Fiedler Stefan, Ambros Inge M, Glogova Evgenia, Benesch Martin, Urban Christian, Mayer Marlene, Ebetsberger-Dachs Georg, Bardi Edit, Jones Neil, Gamper Agnes, Meister Bernhard, Crazzolara Roman, Amann Gabriele, Dieckmann Karin, Horcher Ernst, Kerbl Reinhold, Brunner-Herglotz Bettina, Ziegler Andrea, Ambros Peter F, Ladenstein Ruth
St. Anna Children's Hospital, 1090 Vienna, Austria.
CCRI, Children's Cancer Research Institute, 1090 Vienna, Austria.
Cancers (Basel). 2021 Feb 2;13(3):572. doi: 10.3390/cancers13030572.
We evaluated long-term outcome and genomic profiles in the Austrian Neuroblastoma Trial A-NB94 which applied a risk-adapted strategy of treatment (RAST) using stage, age and amplification (MNA) status for stratification. RAST ranged from surgery only to intensity-adjusted chemotherapy, single or multiple courses of high-dose chemotherapy (HDT) followed by autologous stem cell rescue depending on response to induction chemotherapy, and irradiation to the primary tumor site. Segmental chromosomal alterations (SCAs) were investigated retrospectively using multi- and pan-genomic techniques. The A-NB94 trial enrolled 163 patients. Patients with localized disease had an excellent ten-year (10y) event free survival (EFS) and overall survival (OS) of 99 ± 1% and 93 ± 2% whilst it was 80 ± 13% and 90 ± 9% for infants with stage 4S and for infants with stage 4 non-MNA disease both 83 ± 15%. Stage 4 patients either >12 months or ≤12 months but with MNA had a 10y-EFS and OS of 45 ± 8% and 47 ± 8%, respectively. SCAs were present in increasing frequencies according to stage and age: in 29% of localized tumors but in 92% of stage 4 tumors ( < 0.001), and in 39% of patients ≤ 12 months but in 63% of patients > 12 months ( < 0.001).
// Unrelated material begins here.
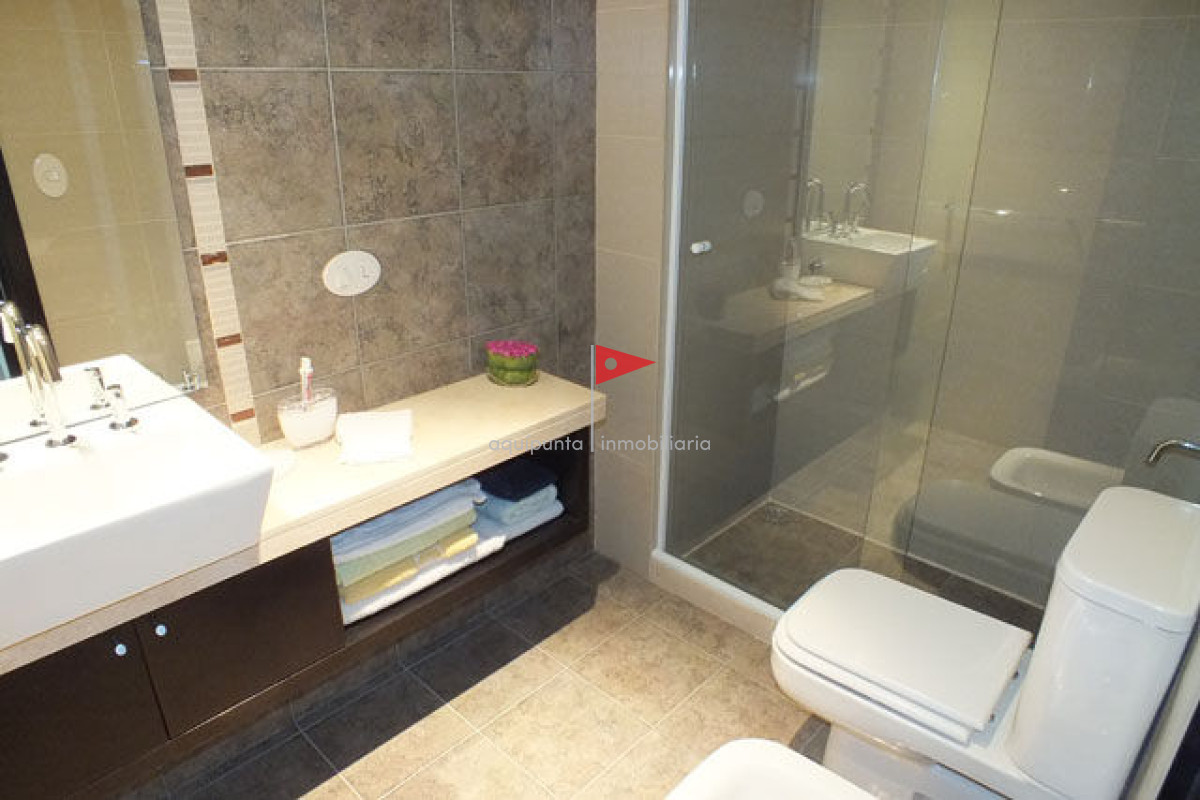 Apartamento ID.155 - Apartamento en Mansa, 2 dormitorios  con parrillero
RAST successfully reduced chemotherapy exposure in low- and intermediate-risk patients with excellent long-term results while the outcome of high-risk disease met contemporary trials.
我们在奥地利神经母细胞瘤试验A-NB94中评估了长期预后和基因组概况,该试验采用了风险适应性治疗策略(RAST),根据分期、年龄和 扩增(MNA)状态进行分层。RAST范围从仅手术到强度调整化疗、单疗程或多疗程高剂量化疗(HDT)随后根据诱导化疗反应进行自体干细胞救援以及对原发肿瘤部位进行放疗。使用多基因组和泛基因组技术对节段性染色体改变(SCA)进行了回顾性研究。A-NB94试验招募了163名患者。局限性疾病患者的十年无事件生存率(EFS)和总生存率(OS)极佳,分别为99±1%和93±2%,而4S期婴儿和4期非MNA疾病婴儿的EFS和OS分别为80±13%和90±9%,两者均为83±15%。年龄大于12个月或小于等于12个月但伴有MNA 的4期患者10年EFS和OS分别为45±8%和47±8%。SCA 的出现频率根据分期和年龄增加:在29% 的局限性肿瘤中出现,但在92% 的4期肿瘤中出现(<0.001),在39% 年龄小于等于12个月的患者中出现,但在63% 年龄大于12个月的患者中出现(<0.001)。RAST成功减少了低风险和中风险患者的化疗暴露,长期结果极佳,而高风险疾病的预后与当代试验相当。